FIG. 13 is an enlarged view of the developing device 300 in a
sectional area C of FIG. 12 (near a doctor blade 360). In FIGS. 12
and 13, components similar to those illustrated in FIGS. 2, 3, and
4 are designated by the same respective reference numerals. The
following description mainly deals with differences of the
configuration of the developing device 300 according to the first
example embodiment from the configuration of the developing device
3 described above with reference to FIGS. 2, 3, and 4.
[0114] In the first example embodiment, a developing device frame
310 is installed in the developing device 300 in such an
orientation that the blade mounting surface 41s becomes
substantially parallel to an installation surface (horizontal
surface) of a blade mounting apparatus in mounting and fixing the
doctor blade 360 onto the blade mounting surface 41s.
[0115] A configuration of the blade mounting apparatus will be
described with reference to the schematic diagram of FIG. 14. The
orientation of the doctor blade 360 during mounting (the relative
position of the doctor blade 360 to the developing sleeve 70 when
the doctor blade 360 is mounted on the blade mounting surface 41s)

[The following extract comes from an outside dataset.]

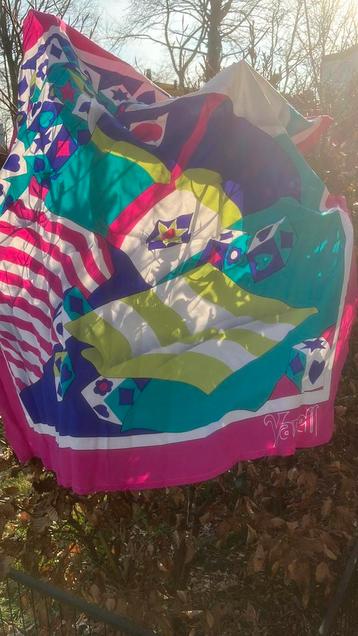 Vintage shawl, Yarrell jaren’70 in wit/pink, paars/ groen. beschikbaar voor biedingen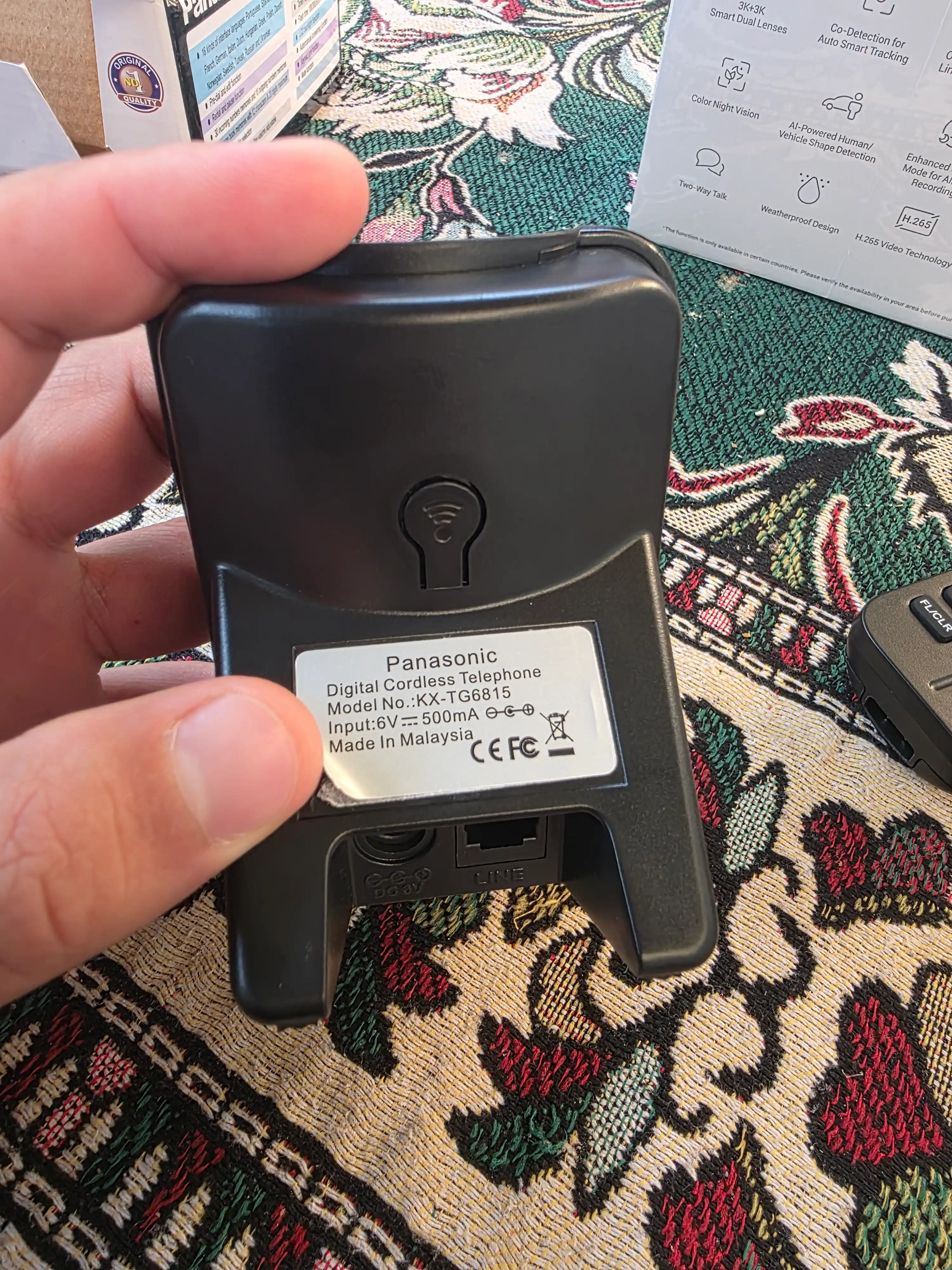 Uy telefoni Panasonic KX-TG6815/simsiz tugmali telefon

will be described with reference to the enlarged views of FIGS. 15
and 16. FIGS. 15 and 16 are each a sectional view of the developing
device 300 seen in a cross section orthogonal to the rotation axis
of the developing sleeve 70. FIGS. 15 and 16 each illustrate a
state where the orientation of the developing device frame 310 is
changed such that the blade mounting surface 41s illustrated in the
sectional view of FIG. 12 becomes substantially parallel to the
installation surface (horizontal surface) of the blade mounting
apparatus.
[0116] As illustrated in FIG. 14, the blade mounting apparatus
includes cameras 100 at five positions in the rotation axis
direction of the developing sleeve 70. The five cameras 100 can
measure the size of the SB gap G at edge portions 360e (360e1 to
360e5) of the doctor blade 360 at the respective positions. The
edge portions 360e (360e1 to 360e5) of the doctor blade 360 are
located at positions where the doctor blade 360 comes closest to
the developing sleeve 70 when the doctor blade 360 is mounted on
the blade mounting surface 41s.
[0117] The cameras 100 are installed with their installation axes
substantially orthogonal to a line M connecting a rotation center
70a of the developing sleeve 70 and each edge portion 360e of the
doctor blade 360 (position where the doctor blade 360 is closest to
the developing sleeve 70). The cameras 100 measure the size of the
SB gap G in such a manner. The line M is substantially parallel to
the installation surface (horizontal surface) of the blade mounting
apparatus.
[0118] As illustrated in FIG. 14, the blade mounting apparatus
includes gripping units 101 at respective positions corresponding
to the five cameras 100. The gripping units 101 each include a
first gripping member 101a and a second gripping member 101b for
gripping the doctor blade 360. As illustrated in FIG. 15, the first
gripping members 101a grip a first perpendicular surface 360a of
the doctor blade 360 perpendicular to the line M, and the second
gripping members 101b grip a second perpendicular surface 360b of
the doctor blade 360 perpendicular to the line M. The first
perpendicular surface 360a is substantially parallel to the second
perpendicular surface 360b. The first perpendicular surface 360a is
located closer to the developing sleeve 70 than the second
perpendicular surface 360b is. The gripping units 101 grip the
doctor blade 360 by sandwiching the first and second perpendicular
surfaces 360a and 360b of the doctor blade 360 between the griping
members 101a and 101b.
[0119] FIG. 14 illustrates an example where the blade mounting
apparatus includes the five cameras 100 and the five gripping units
101 that are spaced from each other in the rotation axis direction
of the developing sleeve 70. However, such an example is not
restrictive. The numbers of cameras 100 and gripping units 101 may
be set as appropriate based on the desirable precision of the SB
gap G.
[0120] The five cameras 100 detect the surface of the developing
sleeve 70 and the respective edge portions 360e of the doctor blade
360 gripped by the gripping units 101, and the size of the SB gap G
at the five positions is calculated from the position measurements.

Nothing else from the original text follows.